# Crate/baby playpen/doggy pen?



## NYCHelloKitty (Jun 28, 2013)

I have a big crate that I had originally for my big dog. I never used it and it's stick in the garage with things inside of it. I want to use it but if I can't find the bottom pan I will need to buy another. However I was still thinking of buying those doggy playpen style crate when I'm not around. When I think about it a baby type playpen might not be good enough since there's no top enclosure and she can possible escape and hurt herself. The doggy version is collapsible. What do you use? 
Can I use the doggy playpen instead of a crate but to serve the same purpose? What diameter do you suggest? Thanks.


----------



## shellbeme (Mar 1, 2011)

I used a playpen for children that was made of heavy duty plastic and had no open top, but my malts were too small to jump over it. The playpen I had didn't have a bottom to it either.


----------



## NYCHelloKitty (Jun 28, 2013)

So it was really just the sides ? No top or bottom?


----------



## Chardy (Oct 30, 2008)

I have the playpen and it worked well at first for Bimmer when I got him a month ago.
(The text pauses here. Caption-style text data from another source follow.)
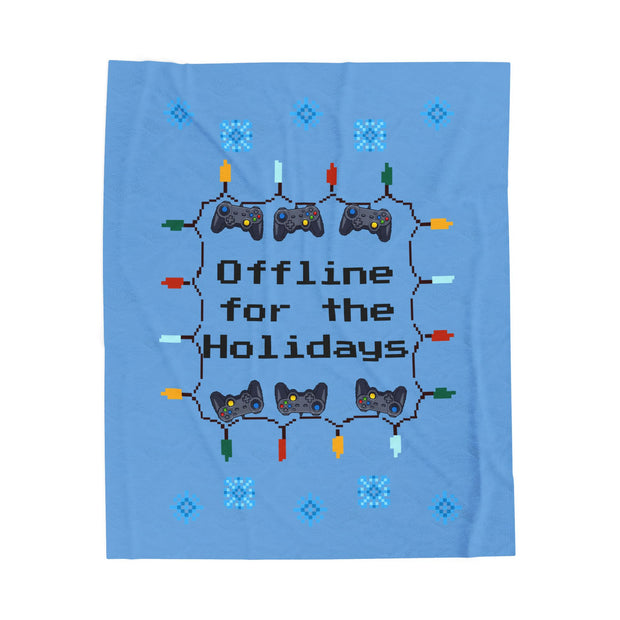 Cozy Gamer Blanket: Offline for the Holidays Plush Throw, Video Game Decor, Gift for Gamers, Holiday Season, Home Blanket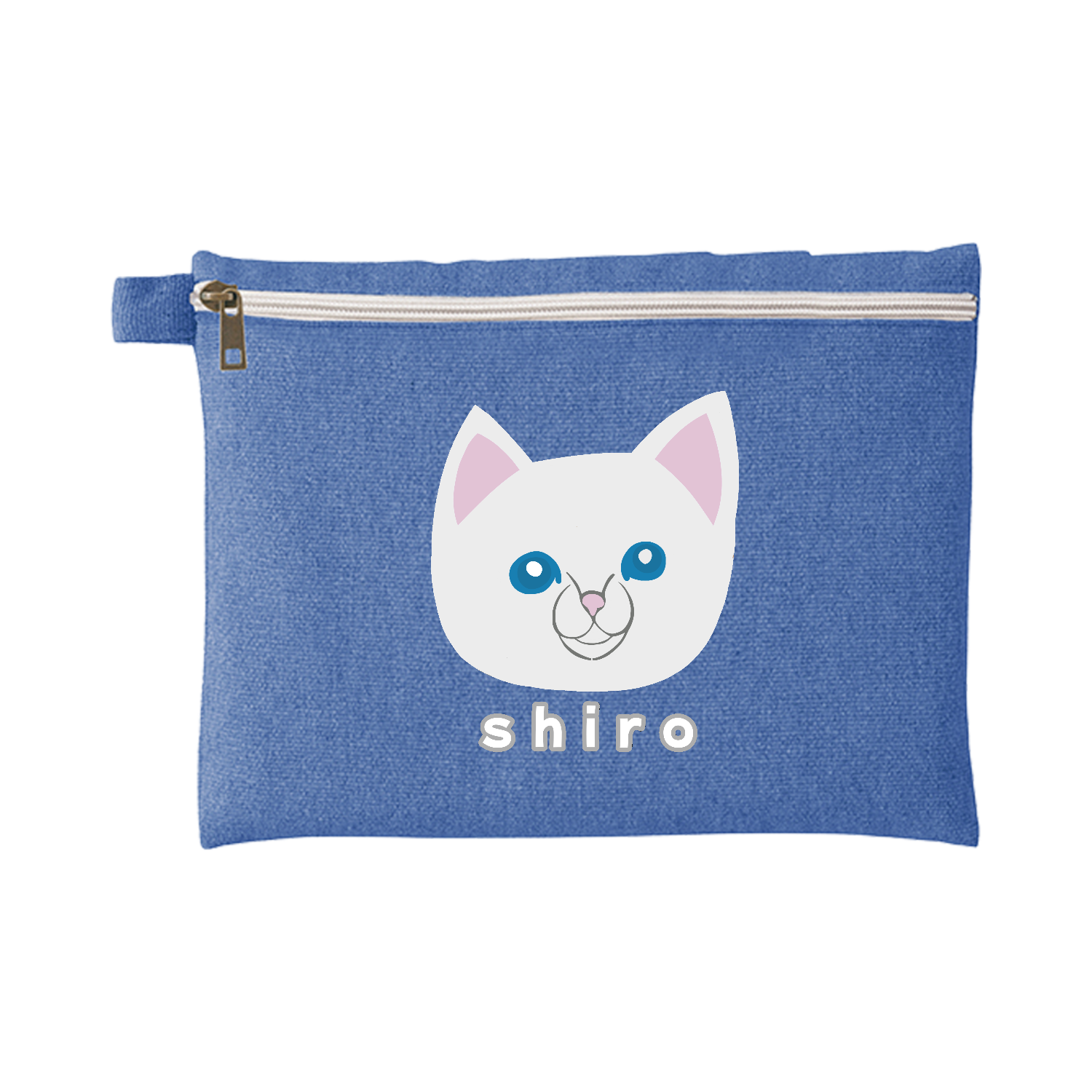 しろねこちゃん シャンブリックキャンバスフラットポーチ（L）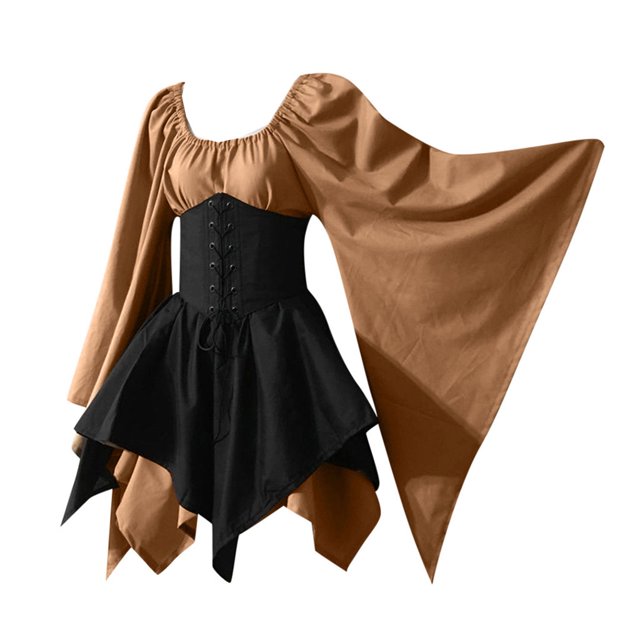 Kcodviy Halloween Femmes m Cosplay Longues Jolies Robes pour Femmes P Gothique Rétro Longue Robe de Bureau Décontractée pour Femmes Manche Corset Robe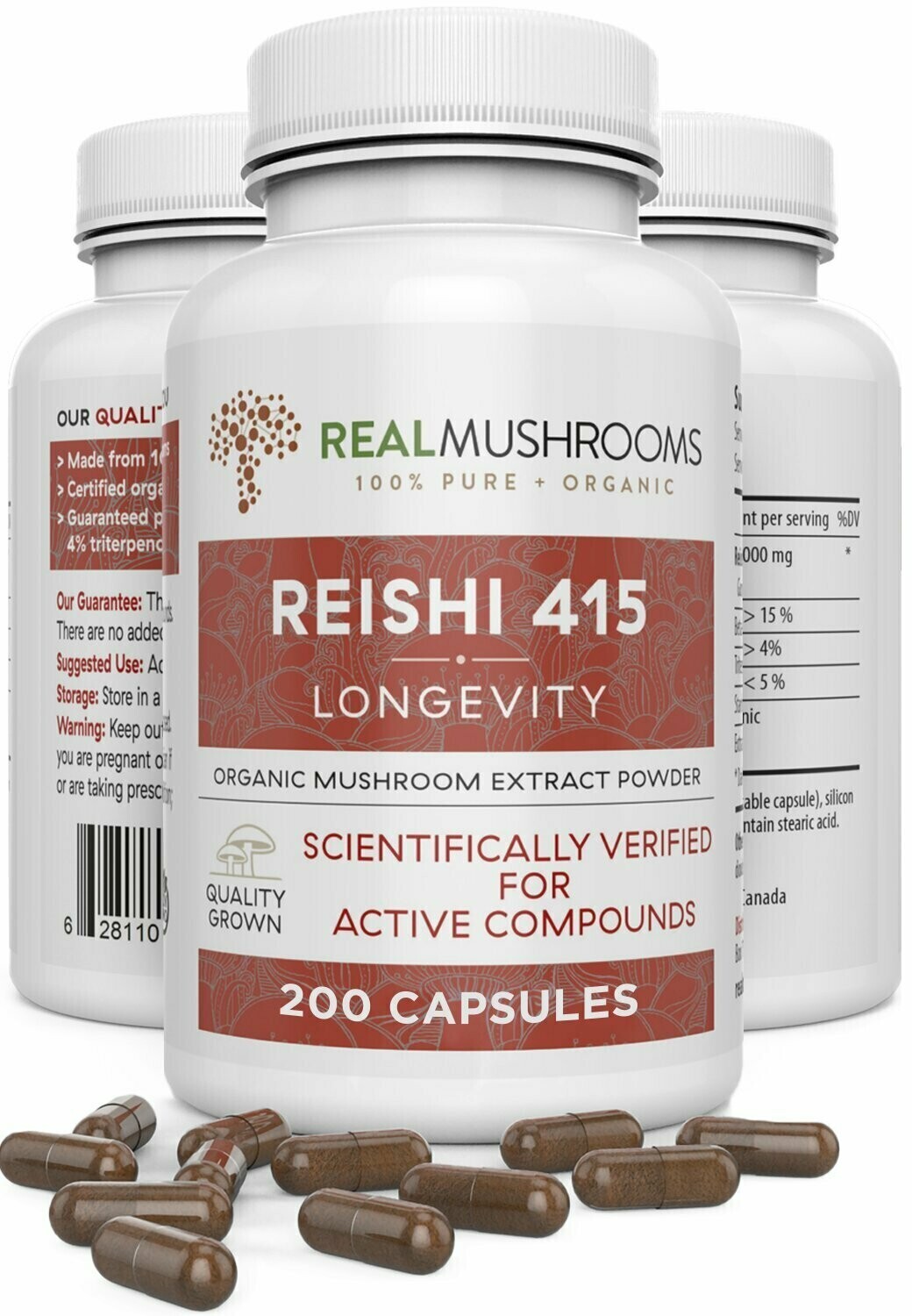 Reishi 415 Longevity 1000 mg 200 capsules Real Mushrooms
I have trained him for indoor potty so I put the pooch pad inside there as well as his bed-- As time went on, when he wasn't in the play pen he thought it was best to go in there to go potty because that is where I first had the pad even after I took it out and he knew where to go. So for now I have it packed away. The crate is working out better for both of them right now. He has the potty training down and they go in the crate to sleep. I don't have any carpet in the family room as I took the area rugs out for now- They go in the crate to sleep and will come out and use the pooch pads when needed. The bad news is... McCartney flips out if you close the door so it is like a little house with an open door. They both have the family room to themselves without the rest of our home until I know he isn't going to mark anything. Since her heat is over he is MUCH better ... I haven't had him marking anything. :chili::aktion033:


----------



## Furbabies mom (Jul 25, 2011)

A lot of here use the Iris Pen. It's easy to fold away and you can fit a pee pad, and small bed. I use them at feeding time, and when the fluffs have to be away when someone comes like a repairman. At night I use a crate. It has to be small enough or the puppy will pee and poo in it. Just big enough for the puppy to stand and turn around. The ones that I have had a divider so you could move the decider back as the puppy grew. 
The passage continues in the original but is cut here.